##### THE RECORDS #####

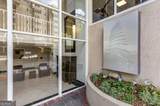 2479 Peachtree Road - Photo 6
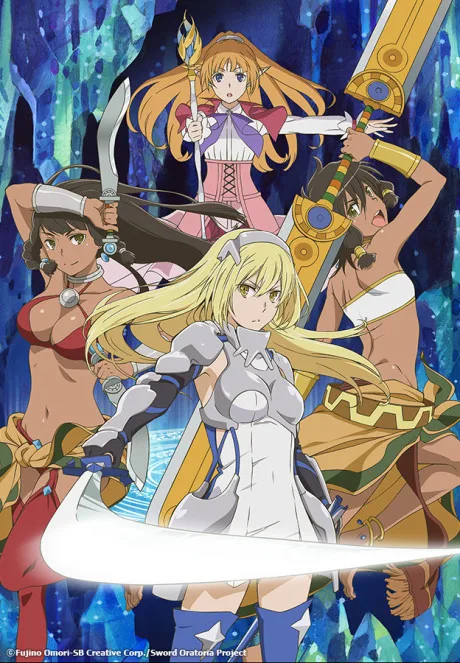 Sword Oratoria: Is it Wrong to Try to Pick Up Girls in a Dungeon? On the Side (2017)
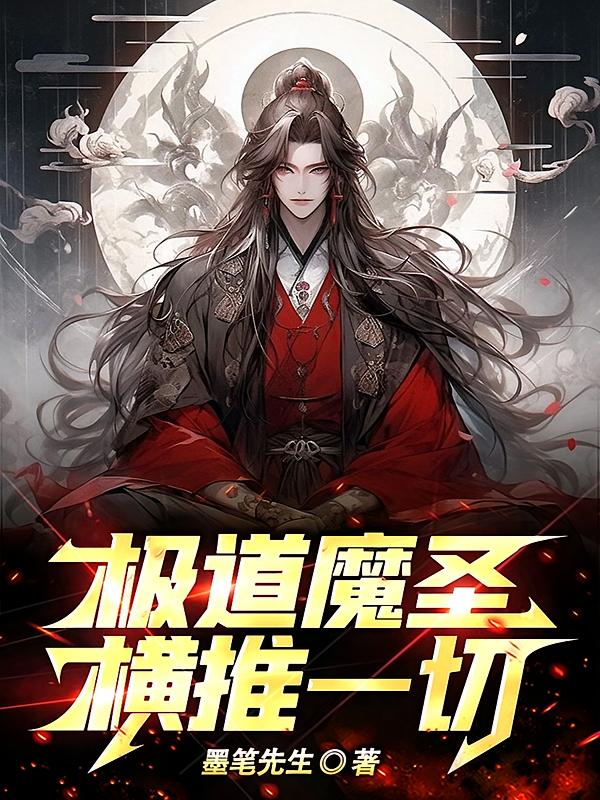 极道魔圣，横推一切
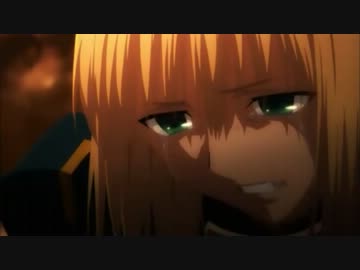 四次五次聖杯戦争におけるセイバーの絶望と救済まとめ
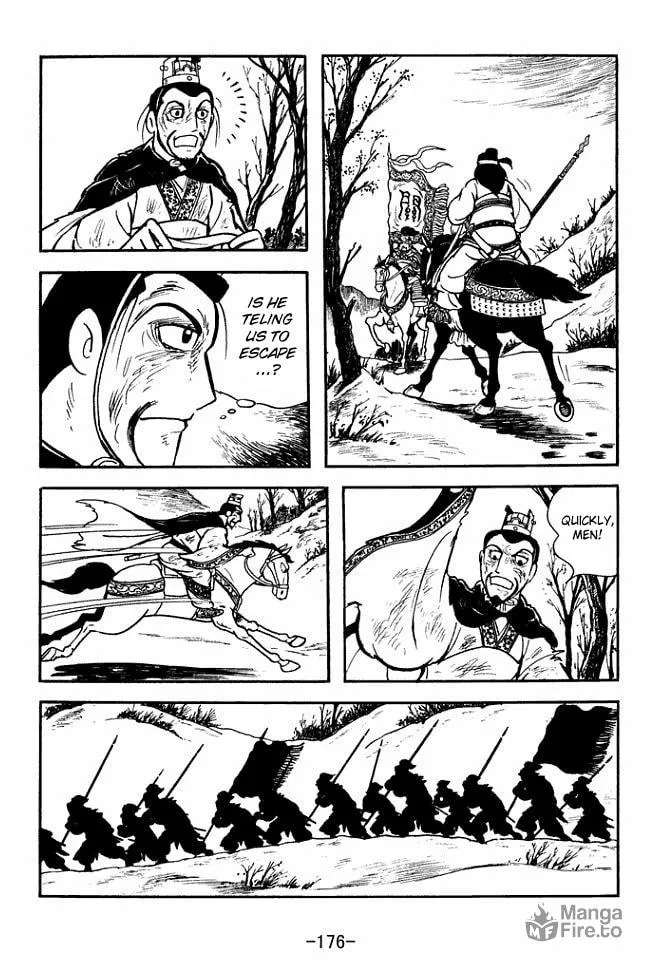 Read Sangokushi chapter 152 image 14 on Lezhin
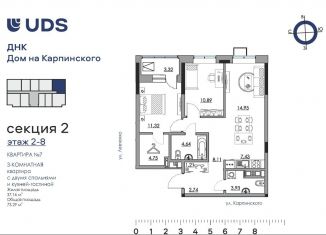 Продаю 3-комнатную квартиру, 73.3 м2, Пермь, Луньевская улица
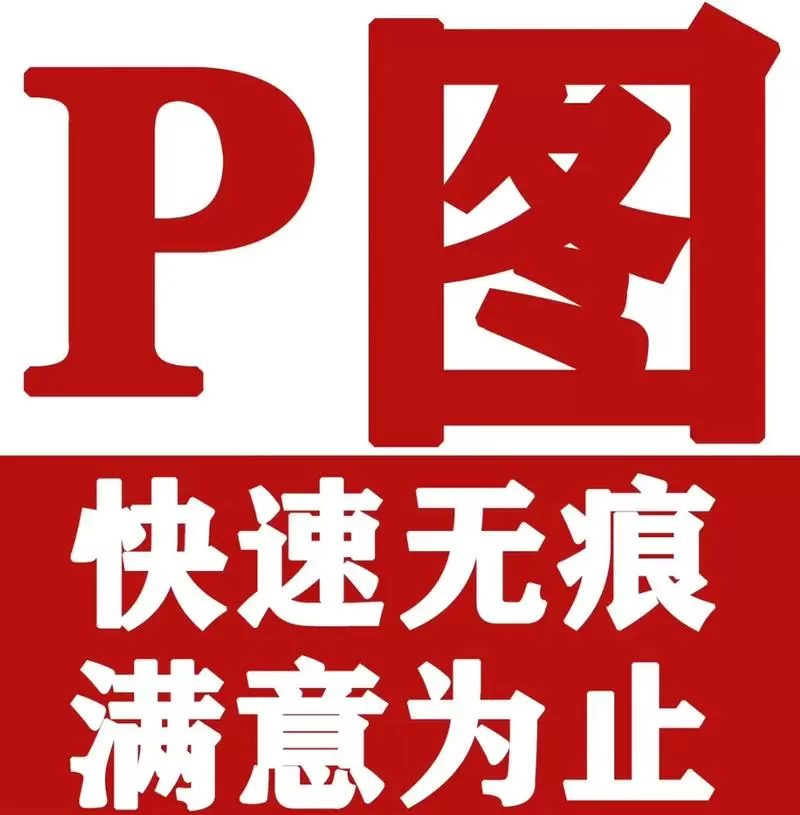 免费批图修图改文字app图标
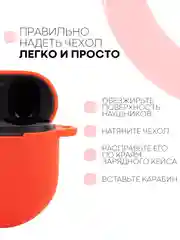 Белый чехол на Xiaomi Redmi Buds 3 Pro/AirDots 3 Pro для наушников КАРТОФАН силиконовый матовый
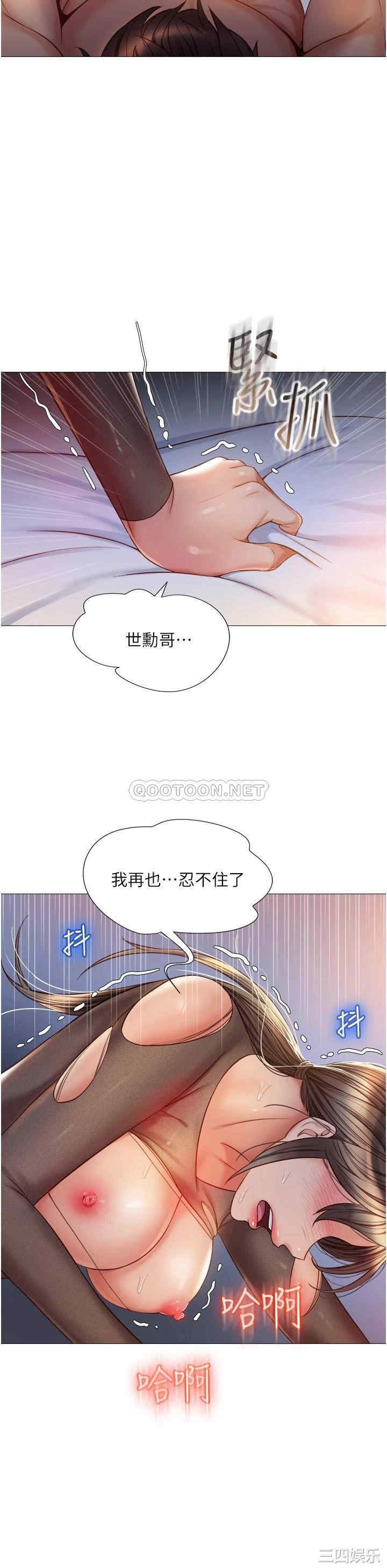 第28张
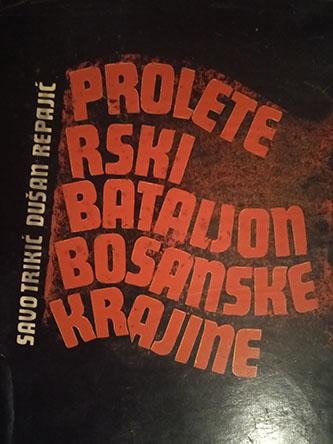 proleterski bataljon bosanske krajine 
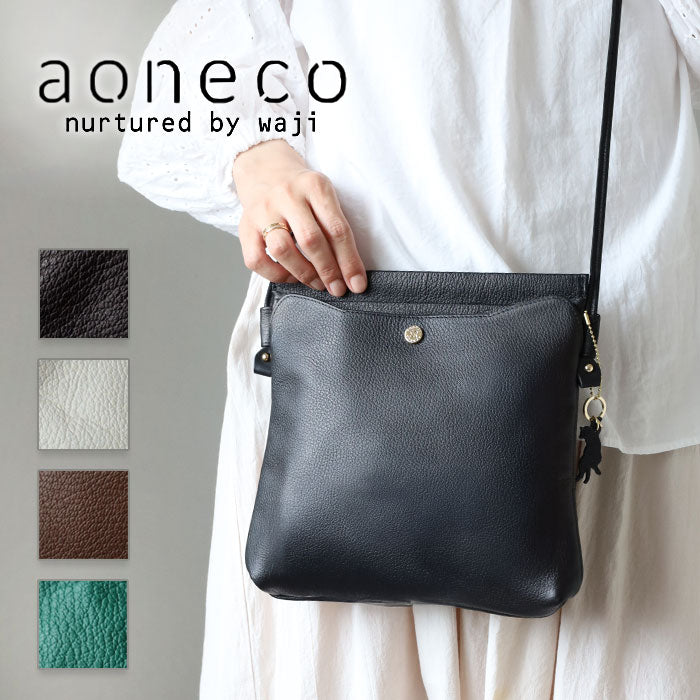 aoneco(アオネコ) 口バネ 本革 ショルダーバッグ レディース メンズ [an047] 革製品を手がけるwajiさんの保護猫プロジェクト ネコ 猫 肩掛け ポシェット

#####

#### [TRY IT]
Repeat the data above word for word, without pictures.

#### [ANSWER FOR THE TASK]
 2479 Peachtree Road - Photo 6
 Sword Oratoria: Is it Wrong to Try to Pick Up Girls in a Dungeon? On the Side (2017)
 极道魔圣，横推一切
 四次五次聖杯戦争におけるセイバーの絶望と救済まとめ
 Read Sangokushi chapter 152 image 14 on Lezhin
 Продаю 3-комнатную квартиру, 73.3 м2, Пермь, Луньевская улица
 免费批图修图改文字app图标
 Белый чехол на Xiaomi Redmi Buds 3 Pro/AirDots 3 Pro для наушников КАРТОФАН силиконовый матовый
 第28张
 proleterski bataljon bosanske krajine 
 aoneco(アオネコ) 口バネ 本革 ショルダーバッグ レディース メンズ [an047] 革製品を手がけるwajiさんの保護猫プロジェクト ネコ 猫 肩掛け ポシェット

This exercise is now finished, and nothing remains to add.